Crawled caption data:

===

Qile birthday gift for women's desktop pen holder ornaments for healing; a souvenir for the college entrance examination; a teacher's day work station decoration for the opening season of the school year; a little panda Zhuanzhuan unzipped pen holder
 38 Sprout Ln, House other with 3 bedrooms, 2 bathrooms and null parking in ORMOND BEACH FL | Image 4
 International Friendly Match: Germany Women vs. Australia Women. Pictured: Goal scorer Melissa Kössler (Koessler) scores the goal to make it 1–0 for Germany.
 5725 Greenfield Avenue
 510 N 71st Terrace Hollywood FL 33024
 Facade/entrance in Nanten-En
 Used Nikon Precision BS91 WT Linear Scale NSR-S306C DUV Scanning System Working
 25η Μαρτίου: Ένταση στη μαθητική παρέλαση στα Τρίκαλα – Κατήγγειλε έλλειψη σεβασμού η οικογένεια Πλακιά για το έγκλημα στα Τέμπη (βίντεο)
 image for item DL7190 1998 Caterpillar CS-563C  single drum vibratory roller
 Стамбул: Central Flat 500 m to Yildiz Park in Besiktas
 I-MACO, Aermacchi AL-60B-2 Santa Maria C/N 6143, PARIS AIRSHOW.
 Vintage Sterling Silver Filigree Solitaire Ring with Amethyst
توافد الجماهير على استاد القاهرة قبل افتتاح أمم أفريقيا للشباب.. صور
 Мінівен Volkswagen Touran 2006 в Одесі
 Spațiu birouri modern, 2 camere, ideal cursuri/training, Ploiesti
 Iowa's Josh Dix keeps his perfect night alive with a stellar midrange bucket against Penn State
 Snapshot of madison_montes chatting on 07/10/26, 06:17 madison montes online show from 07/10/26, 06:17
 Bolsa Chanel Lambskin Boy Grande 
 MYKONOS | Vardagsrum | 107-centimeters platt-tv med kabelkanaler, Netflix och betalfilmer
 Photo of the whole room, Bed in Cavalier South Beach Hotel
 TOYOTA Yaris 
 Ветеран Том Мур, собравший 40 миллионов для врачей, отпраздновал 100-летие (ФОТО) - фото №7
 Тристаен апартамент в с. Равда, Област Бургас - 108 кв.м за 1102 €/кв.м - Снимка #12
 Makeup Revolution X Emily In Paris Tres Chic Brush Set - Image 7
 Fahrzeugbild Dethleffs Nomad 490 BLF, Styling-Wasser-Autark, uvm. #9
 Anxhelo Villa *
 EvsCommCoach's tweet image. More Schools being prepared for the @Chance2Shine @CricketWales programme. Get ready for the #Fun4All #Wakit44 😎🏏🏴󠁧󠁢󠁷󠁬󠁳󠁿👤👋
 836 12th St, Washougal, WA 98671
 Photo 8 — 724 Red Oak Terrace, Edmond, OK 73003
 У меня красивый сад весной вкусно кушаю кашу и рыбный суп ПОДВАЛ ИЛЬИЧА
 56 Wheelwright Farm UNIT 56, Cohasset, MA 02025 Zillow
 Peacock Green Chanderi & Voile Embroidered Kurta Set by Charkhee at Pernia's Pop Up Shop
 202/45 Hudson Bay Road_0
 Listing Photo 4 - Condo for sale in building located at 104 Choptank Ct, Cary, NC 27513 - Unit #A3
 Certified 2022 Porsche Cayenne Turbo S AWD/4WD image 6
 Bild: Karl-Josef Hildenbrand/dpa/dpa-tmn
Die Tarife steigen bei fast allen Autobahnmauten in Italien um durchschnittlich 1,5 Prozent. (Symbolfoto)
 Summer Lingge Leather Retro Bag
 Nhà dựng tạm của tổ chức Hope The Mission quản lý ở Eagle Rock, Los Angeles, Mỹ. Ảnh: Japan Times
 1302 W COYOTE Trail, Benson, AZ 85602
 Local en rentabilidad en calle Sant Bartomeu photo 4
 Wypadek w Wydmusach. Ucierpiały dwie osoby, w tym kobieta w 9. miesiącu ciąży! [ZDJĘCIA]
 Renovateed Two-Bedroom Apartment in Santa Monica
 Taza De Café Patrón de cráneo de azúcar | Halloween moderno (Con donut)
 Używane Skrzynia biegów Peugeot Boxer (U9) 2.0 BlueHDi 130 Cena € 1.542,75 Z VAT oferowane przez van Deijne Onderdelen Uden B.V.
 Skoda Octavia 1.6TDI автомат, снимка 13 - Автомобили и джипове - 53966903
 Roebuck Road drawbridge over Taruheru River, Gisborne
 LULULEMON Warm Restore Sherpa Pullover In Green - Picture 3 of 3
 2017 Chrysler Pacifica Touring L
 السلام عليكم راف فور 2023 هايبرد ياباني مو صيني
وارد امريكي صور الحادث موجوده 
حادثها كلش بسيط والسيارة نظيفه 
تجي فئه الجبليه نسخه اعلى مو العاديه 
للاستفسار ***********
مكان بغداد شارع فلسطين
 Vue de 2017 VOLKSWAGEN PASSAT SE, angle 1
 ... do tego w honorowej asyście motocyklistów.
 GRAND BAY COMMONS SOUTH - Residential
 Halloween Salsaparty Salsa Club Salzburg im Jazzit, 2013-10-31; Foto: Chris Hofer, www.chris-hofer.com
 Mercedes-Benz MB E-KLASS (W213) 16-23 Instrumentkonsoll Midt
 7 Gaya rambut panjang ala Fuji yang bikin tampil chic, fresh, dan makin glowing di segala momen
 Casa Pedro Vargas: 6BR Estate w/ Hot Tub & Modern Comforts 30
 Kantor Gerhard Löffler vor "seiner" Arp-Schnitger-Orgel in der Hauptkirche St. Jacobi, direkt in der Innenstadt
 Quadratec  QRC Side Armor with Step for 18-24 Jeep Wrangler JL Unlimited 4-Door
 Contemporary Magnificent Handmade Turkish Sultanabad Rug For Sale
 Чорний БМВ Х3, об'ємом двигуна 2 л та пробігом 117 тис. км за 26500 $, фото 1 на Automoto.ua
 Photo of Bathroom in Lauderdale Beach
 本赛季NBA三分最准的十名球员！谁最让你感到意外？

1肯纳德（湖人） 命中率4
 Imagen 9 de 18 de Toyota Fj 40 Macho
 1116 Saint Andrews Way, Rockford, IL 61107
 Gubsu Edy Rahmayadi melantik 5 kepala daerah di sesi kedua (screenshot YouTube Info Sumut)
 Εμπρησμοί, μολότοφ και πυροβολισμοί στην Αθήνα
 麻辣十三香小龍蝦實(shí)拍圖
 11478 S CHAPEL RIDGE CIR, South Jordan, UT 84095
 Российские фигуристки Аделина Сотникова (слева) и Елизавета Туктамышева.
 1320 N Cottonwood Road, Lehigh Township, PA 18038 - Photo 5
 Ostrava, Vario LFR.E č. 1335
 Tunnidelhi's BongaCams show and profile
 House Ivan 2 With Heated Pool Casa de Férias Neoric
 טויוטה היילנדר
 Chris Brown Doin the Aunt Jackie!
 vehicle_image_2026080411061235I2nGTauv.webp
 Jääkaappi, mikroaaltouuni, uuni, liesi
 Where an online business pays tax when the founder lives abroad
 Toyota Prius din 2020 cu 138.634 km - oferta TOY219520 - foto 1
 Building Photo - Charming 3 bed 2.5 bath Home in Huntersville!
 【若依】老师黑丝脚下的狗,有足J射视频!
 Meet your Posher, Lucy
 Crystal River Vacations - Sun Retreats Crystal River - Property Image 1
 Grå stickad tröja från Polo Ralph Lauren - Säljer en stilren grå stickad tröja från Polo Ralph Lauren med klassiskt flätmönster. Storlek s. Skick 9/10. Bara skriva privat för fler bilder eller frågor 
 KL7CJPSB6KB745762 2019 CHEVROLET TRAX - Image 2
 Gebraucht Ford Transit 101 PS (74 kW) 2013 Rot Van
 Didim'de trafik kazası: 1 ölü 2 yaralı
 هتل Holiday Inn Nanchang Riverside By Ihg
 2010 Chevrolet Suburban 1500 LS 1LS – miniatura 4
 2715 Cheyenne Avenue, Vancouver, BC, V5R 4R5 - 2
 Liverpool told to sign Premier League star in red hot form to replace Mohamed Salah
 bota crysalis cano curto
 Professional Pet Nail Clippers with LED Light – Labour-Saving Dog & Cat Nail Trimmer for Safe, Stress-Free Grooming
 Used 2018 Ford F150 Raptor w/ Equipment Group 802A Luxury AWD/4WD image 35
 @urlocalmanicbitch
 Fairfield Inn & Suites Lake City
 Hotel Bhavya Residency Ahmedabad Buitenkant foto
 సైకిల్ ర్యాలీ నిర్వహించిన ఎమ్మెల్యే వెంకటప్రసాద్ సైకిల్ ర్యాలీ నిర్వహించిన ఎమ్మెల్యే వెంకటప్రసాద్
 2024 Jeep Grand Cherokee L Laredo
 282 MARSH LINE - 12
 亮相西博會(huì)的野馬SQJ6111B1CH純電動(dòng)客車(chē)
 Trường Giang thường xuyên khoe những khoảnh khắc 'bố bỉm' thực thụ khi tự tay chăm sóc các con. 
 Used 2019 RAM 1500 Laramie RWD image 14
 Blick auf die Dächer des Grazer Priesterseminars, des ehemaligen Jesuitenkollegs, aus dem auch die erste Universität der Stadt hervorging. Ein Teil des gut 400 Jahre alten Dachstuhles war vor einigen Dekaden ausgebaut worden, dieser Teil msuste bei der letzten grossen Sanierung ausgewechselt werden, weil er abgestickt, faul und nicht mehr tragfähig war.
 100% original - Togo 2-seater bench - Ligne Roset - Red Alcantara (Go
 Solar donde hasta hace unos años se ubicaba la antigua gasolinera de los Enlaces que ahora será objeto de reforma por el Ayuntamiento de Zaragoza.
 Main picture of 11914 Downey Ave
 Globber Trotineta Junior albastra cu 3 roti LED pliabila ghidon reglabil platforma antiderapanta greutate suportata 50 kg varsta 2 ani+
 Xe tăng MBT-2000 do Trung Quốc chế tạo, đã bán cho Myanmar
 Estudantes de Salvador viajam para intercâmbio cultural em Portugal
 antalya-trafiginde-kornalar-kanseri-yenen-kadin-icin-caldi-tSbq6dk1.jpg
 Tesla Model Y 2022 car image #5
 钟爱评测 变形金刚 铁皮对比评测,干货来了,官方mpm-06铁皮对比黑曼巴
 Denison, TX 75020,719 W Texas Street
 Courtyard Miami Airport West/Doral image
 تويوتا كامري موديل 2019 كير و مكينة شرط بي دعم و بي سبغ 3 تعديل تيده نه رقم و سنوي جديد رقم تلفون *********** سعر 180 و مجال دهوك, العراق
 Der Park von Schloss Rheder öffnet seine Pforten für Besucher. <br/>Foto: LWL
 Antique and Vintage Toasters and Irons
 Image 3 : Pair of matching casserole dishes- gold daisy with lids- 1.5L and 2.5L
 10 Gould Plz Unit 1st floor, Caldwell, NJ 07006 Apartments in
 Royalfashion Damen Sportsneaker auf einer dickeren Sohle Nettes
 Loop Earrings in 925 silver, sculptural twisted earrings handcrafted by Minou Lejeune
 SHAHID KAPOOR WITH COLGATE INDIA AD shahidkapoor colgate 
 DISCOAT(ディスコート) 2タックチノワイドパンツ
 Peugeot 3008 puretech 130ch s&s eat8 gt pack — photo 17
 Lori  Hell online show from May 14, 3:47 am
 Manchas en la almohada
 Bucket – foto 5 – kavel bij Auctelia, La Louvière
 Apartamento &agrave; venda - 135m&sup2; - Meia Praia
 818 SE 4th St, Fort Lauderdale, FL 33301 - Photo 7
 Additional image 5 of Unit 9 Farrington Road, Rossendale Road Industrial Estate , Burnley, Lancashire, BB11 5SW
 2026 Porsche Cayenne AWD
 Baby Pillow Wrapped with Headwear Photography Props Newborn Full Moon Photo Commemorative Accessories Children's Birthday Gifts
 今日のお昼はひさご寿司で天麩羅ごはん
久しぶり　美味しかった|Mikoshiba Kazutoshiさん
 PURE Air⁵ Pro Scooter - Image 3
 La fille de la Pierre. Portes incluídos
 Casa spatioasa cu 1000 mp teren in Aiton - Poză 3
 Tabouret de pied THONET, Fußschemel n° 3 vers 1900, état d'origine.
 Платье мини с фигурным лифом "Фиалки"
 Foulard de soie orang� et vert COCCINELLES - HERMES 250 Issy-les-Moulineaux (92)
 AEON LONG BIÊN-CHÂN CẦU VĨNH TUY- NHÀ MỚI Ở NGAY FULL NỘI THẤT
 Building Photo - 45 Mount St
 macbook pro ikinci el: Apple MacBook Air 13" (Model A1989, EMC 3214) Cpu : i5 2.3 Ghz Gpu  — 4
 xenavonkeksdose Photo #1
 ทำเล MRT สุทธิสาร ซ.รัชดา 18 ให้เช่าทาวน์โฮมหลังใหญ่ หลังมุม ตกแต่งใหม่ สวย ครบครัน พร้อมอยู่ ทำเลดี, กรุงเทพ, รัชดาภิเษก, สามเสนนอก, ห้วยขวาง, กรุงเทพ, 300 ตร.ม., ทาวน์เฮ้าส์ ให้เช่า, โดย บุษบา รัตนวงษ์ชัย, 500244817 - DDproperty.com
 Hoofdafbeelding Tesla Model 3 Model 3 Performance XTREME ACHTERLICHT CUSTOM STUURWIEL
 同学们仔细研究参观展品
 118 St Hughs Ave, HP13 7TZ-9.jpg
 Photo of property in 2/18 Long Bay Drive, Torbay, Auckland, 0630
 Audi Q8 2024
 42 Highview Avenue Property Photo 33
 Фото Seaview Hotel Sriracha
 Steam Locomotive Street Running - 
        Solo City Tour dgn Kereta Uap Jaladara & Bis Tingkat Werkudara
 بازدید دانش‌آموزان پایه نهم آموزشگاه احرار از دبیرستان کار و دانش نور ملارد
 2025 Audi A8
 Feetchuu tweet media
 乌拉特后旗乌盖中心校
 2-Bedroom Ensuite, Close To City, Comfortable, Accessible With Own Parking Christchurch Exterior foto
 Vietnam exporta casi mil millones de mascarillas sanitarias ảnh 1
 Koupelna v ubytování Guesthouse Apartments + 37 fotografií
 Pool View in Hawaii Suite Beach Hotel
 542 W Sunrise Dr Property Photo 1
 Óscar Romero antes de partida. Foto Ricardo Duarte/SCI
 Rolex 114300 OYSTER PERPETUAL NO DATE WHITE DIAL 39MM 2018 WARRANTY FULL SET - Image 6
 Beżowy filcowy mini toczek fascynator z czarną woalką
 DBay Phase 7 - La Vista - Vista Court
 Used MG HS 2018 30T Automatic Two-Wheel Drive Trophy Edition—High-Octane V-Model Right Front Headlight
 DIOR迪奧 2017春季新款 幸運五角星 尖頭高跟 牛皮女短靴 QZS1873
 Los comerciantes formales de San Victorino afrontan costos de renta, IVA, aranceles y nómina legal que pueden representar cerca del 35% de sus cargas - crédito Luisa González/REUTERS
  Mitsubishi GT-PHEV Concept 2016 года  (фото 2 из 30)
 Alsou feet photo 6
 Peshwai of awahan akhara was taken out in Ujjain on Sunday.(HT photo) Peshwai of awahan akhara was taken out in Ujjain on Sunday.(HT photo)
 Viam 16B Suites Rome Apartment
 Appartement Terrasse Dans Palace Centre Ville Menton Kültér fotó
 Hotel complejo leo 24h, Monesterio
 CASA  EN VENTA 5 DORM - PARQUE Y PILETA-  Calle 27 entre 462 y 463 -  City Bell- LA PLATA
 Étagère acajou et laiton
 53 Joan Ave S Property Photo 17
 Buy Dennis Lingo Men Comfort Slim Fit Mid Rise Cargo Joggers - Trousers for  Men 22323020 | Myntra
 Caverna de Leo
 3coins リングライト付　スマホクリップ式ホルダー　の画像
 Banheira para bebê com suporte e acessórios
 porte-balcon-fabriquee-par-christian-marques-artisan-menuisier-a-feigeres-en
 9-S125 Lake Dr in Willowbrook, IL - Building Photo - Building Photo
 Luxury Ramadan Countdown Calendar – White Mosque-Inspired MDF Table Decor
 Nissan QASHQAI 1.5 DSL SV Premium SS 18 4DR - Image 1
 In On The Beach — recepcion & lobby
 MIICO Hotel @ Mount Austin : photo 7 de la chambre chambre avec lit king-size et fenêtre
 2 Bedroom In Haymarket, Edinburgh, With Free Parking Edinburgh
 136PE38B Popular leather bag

===

What you should do:
Pull together all lines from the data that mention the word "Tesla".

Task response:
 Tesla Model Y 2022 car image #5
 Hoofdafbeelding Tesla Model 3 Model 3 Performance XTREME ACHTERLICHT CUSTOM STUURWIEL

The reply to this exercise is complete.